This article highlights certain aspects of the IPO Process that can result in significant delays or surprises if not managed properly. It is not intended to provide you with an exhaustive or definitive list of the issues facing a company that is considering an IPO in the next few years. Rather, the following tips are intended to give you a better understanding of the IPO process and explain why it is critical to begin considering these issues as far in advance of a proposed IPO as possible.
Pre-IPO companies whose auditors are not one of the “Big 4” firms are often advised by underwriters to change accounting firms. Due to the cost and time involved, companies may mistakenly seek to delay this transition. However, delays related to the audit process are possibly the biggest and most preventable in the IPO process.

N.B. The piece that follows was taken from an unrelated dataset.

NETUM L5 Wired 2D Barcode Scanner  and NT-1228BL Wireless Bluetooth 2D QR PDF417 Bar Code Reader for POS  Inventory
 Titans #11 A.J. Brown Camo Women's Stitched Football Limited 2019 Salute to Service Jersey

Regardless of prior experience in the relevant industry, new auditors will require time to work their way through a company’s financial statements. It usually takes longer to generate public company audited financials than people expect. It may be necessary for the new frim to re-audit prior years, and issues are commonly identified that can result in adjustments or even restated financials. Many private companies do not obtain a SAS 100 review of quarterly financials, which can sometimes be as time-consuming as an audit. Eight (or more) quarters of reviewed financials are commonly included in an IPO prospectus. If the issuer has completed acquisitions of a significant nature, the preparation of pro forma financials or financial statements of the acquired businesses can also be a time‑consuming process.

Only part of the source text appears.